So, first thing I managed to catch on Friday was the last bit of local post-punk outfit Total Luck. Great start to the proceedings as the heaviness and liveliness where what I needed at that point to dust off  the cobwebs and get myself moving after all that travelling. We missed whatever was on next in favour of a bit of exploring and seeing what the layout of the whole thing was. We did get to see Deerhoof, the Friday headliner and something I was particularly looking forwards to. Lively, eclectic guitar based music, constantly transitioning between styles and tying together with J-Pop vocals tying everything together. A complete blast beginning to end.
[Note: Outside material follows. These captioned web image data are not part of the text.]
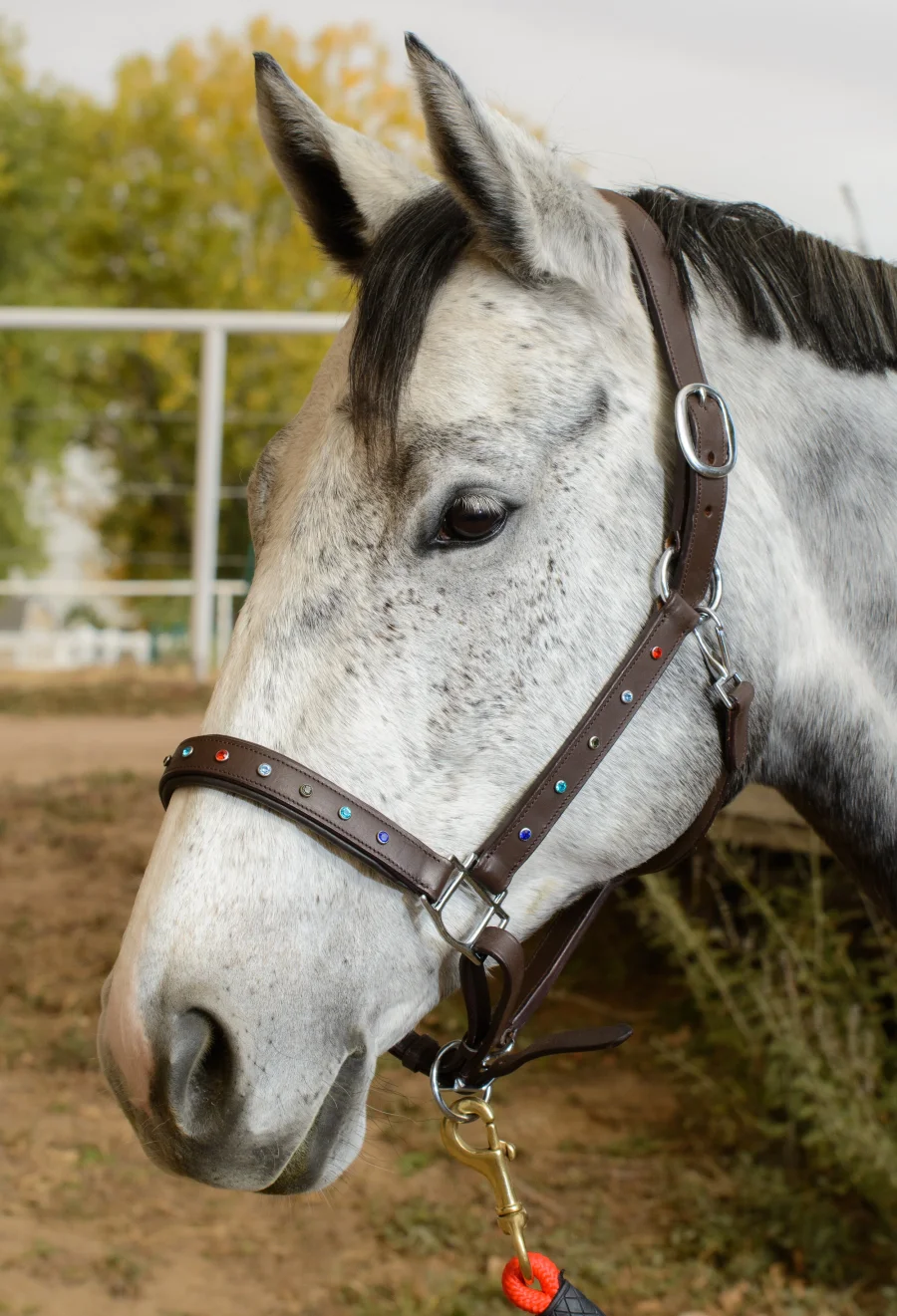 Saga Leather Halter with Dazzling Rhinestones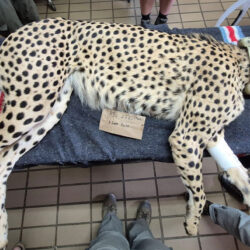 rescued cheetah and returned to the wild after health check.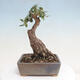 Izbová bonsai - Olea europaea sylvestris -Oliva evropská drobnolistá - 3/7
After that a bit more mooching about the venue before back to the main room for Hey Colossus, who I wasn’t mad familiar with before but knew where right up my street from the second I heard the deep, menacing, Echo(and the Bunnymen)-y gothic drone of the first tune. After that, back to the mill for live analogue face-melt industrial techno 2-piece Giant Swan. Having been suitably pumped by that we finished on the main stage for Infinity Knives and Brian Ennals brining some sick bass-heavy alt hip-­hop.

Tempted as I we were to continue the night either with the small gaggle of sound folk we’d got chatting with in the smoking area or to book up to a gig being out on by one of the extended Hard Crew fam, all the travelling and festivities was catching up with us and we had to call it quits.



Saturday, John stalled at the flat waiting for his partner, who was also experiencing some of the travel woes I’d been subject to the day before. I had a nice afternoon bate’in about on my own through Digbeth doing a bit of exploring on my way to the other-other venue, an art gallery a couple of streets over from the rest of the stuff that hosted the talks, pub quiz and film showings (which I went to) in the afternoons. Digbeth strikes me as like the local Brum version of Camden or the couple of genuinely cool bits off Royal Avenue here, CQ, Union St. etc. Lots of cool wee spots, a complex with an Arcade Bar next to a Boardgame Café, next to a cinema bar, some small independent art galleries and workshops, loads of absolutely phenomenal graff and street art all over the place. I got to see a showcase of music videos and short video art projects from Ipecac, Mike Patton’s own indie label. 

 
First music I caught was the hardcore punk group Blind Eye in The Mill. As it was early in the day the front of the stage was nice and roomy so I had a lot of space to jump about in, which I definitely made the most of. Black’s Myths was a very different energy, lots of drone-doom goodness with a bit of jazz drumming to give you something to move to, no breaks between songs just a constant roll that you can get yourself into properly. After that I saw Ashenspire, who I’d had the pleasure of seeing do their queer anarchist blackened jazz-metal at ATG a couple of weeks ago and once again enjoyed the hell out of before nipping out a little early to get a good spot for Taqbir.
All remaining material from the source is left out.